◆ **EXERCISE PROMPT**
Could you copy exactly the lines from the start of the records through the one containing "Traditional Washable Rug, Bordered", both included, and leave out the pictures?
(SUPPLIED DATA begins)
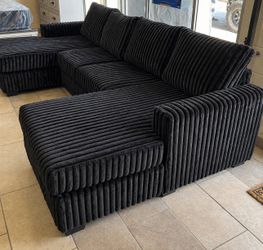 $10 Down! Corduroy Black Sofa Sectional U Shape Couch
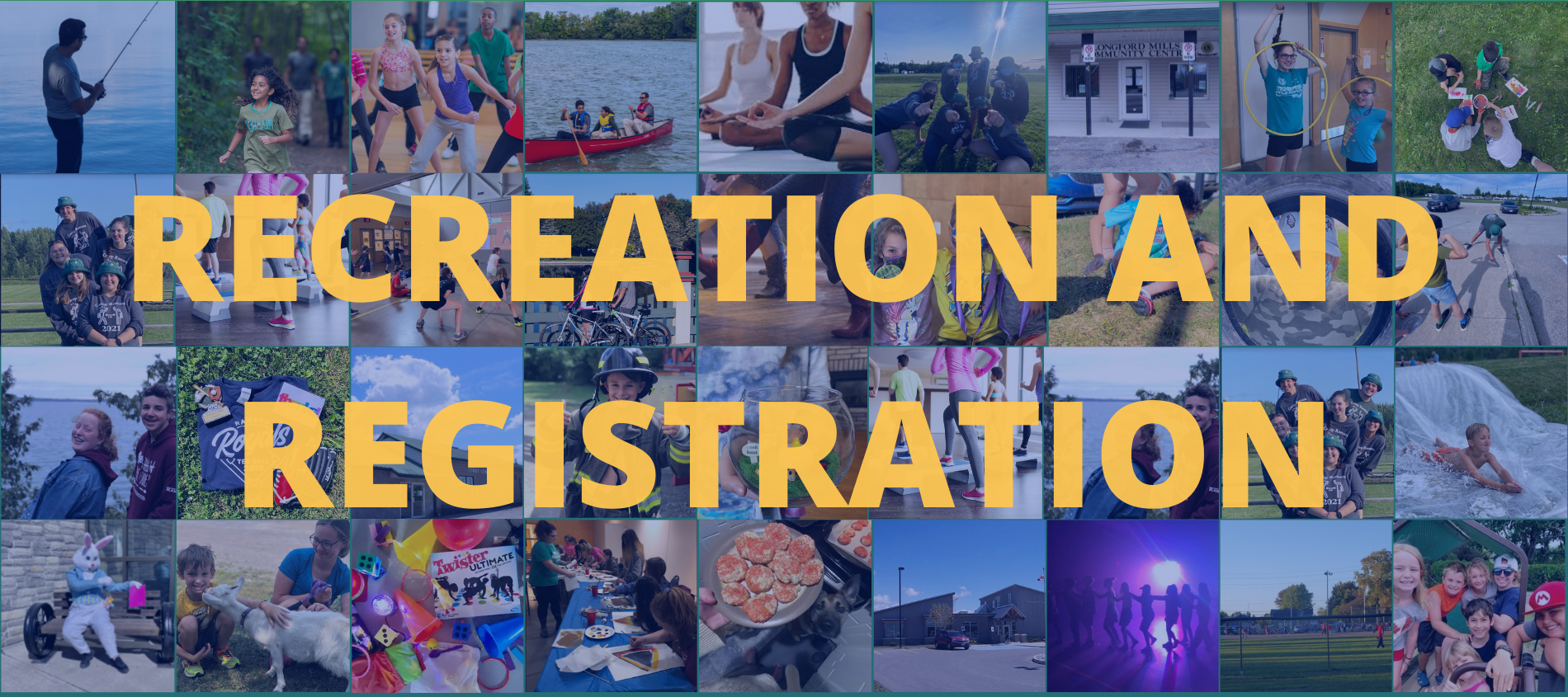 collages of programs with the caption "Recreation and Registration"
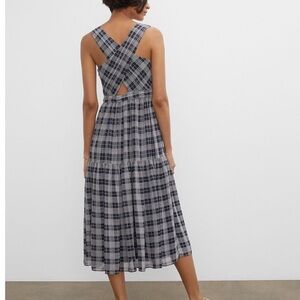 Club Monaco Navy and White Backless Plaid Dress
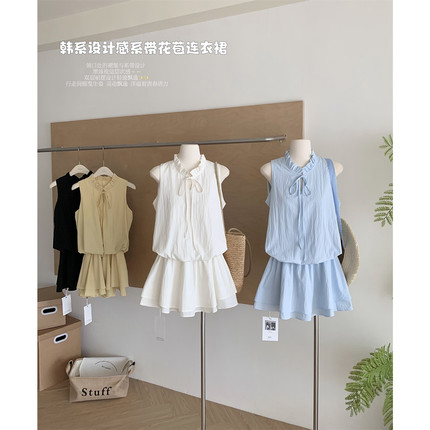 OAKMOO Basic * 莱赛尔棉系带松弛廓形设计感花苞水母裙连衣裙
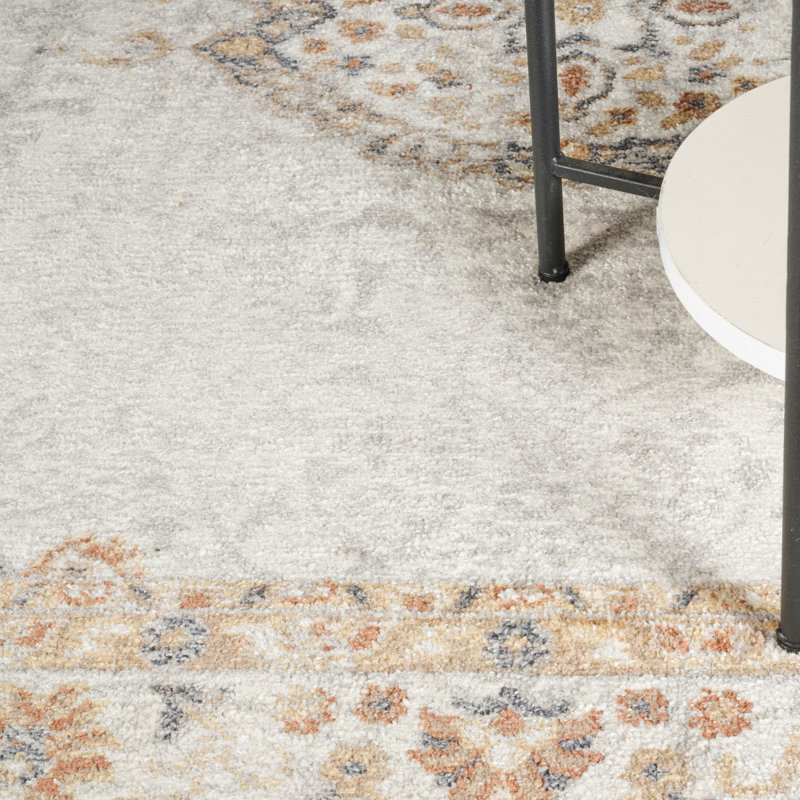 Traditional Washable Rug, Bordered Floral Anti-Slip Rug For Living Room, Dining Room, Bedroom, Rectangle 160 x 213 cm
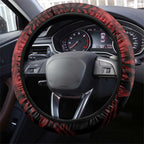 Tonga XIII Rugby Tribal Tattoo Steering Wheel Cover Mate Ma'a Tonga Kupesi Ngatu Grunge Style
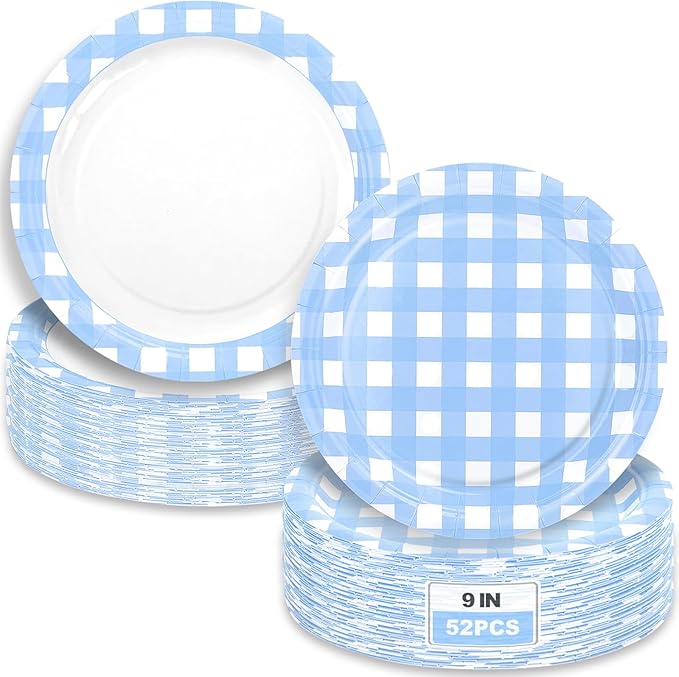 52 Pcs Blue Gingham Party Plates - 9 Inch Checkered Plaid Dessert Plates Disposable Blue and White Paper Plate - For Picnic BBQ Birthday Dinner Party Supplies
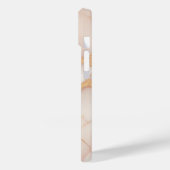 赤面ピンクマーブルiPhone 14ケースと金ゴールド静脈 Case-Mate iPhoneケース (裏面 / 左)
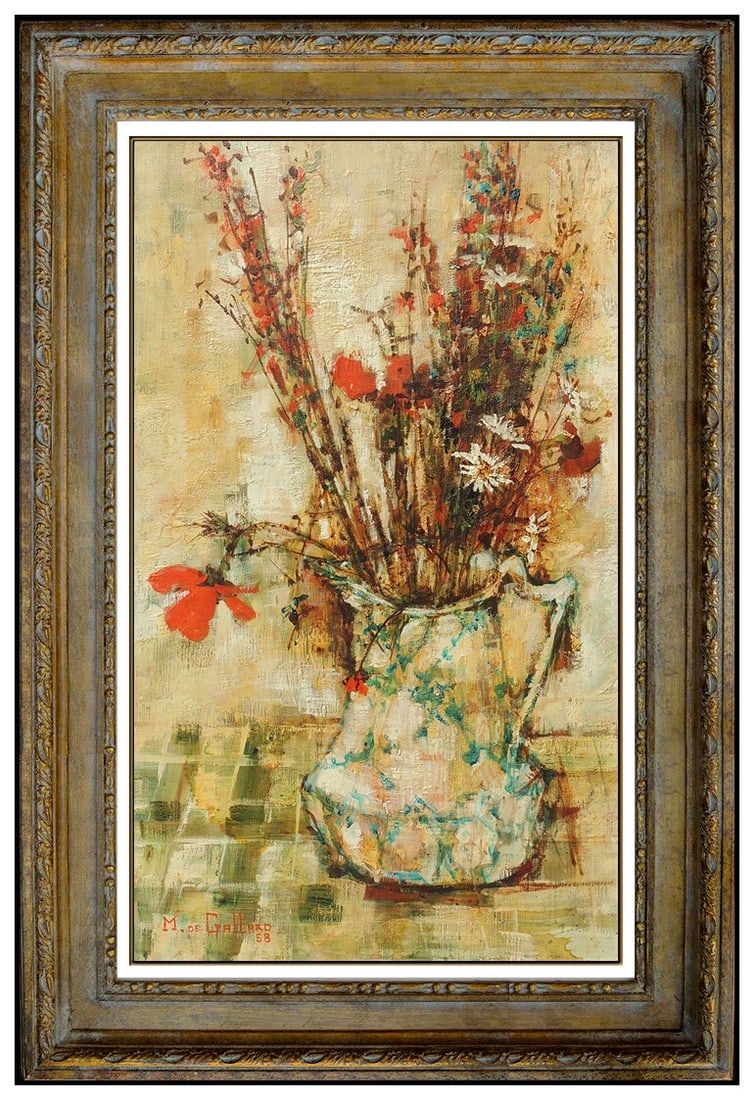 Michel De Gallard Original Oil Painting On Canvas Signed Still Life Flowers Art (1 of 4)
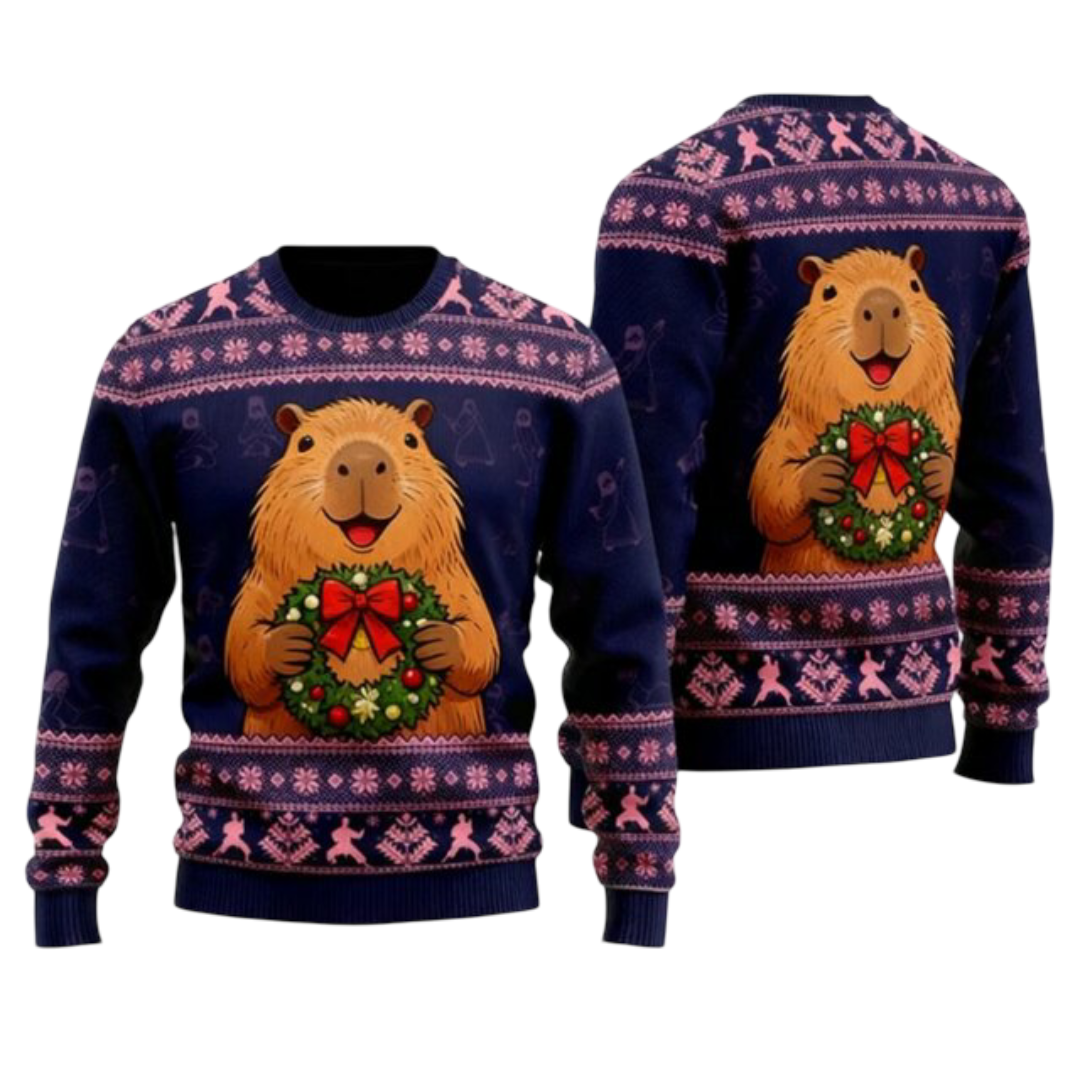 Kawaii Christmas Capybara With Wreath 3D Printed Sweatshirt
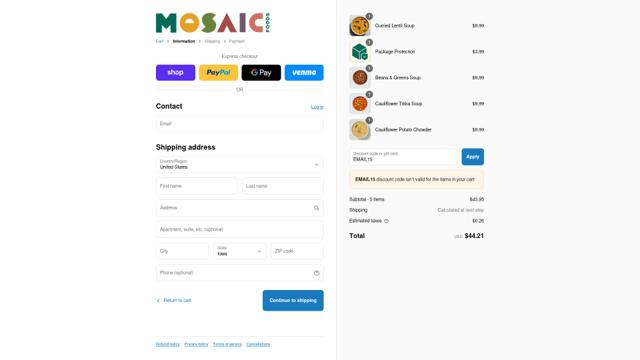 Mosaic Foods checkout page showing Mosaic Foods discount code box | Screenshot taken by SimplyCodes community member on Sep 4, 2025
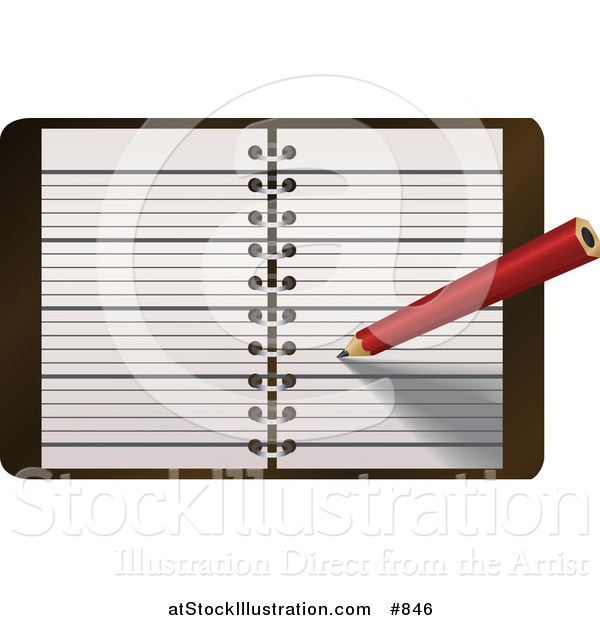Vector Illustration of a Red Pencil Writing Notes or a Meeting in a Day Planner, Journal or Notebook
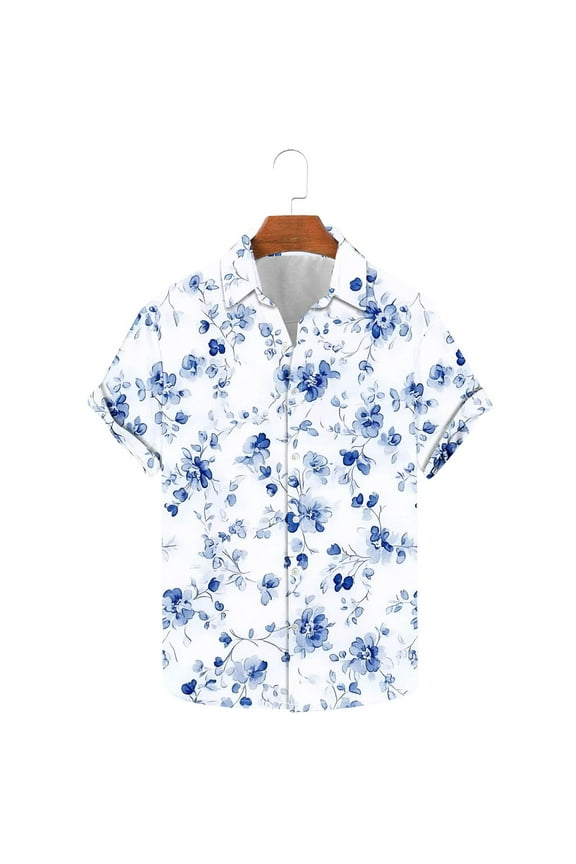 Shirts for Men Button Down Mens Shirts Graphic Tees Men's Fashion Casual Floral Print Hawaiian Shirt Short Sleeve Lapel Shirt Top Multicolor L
(SUPPLIED DATA ends)
◆ **RESULT**
 $10 Down! Corduroy Black Sofa Sectional U Shape Couch
 collages of programs with the caption "Recreation and Registration"
 Club Monaco Navy and White Backless Plaid Dress
 OAKMOO Basic * 莱赛尔棉系带松弛廓形设计感花苞水母裙连衣裙
 Traditional Washable Rug, Bordered Floral Anti-Slip Rug For Living Room, Dining Room, Bedroom, Rectangle 160 x 213 cm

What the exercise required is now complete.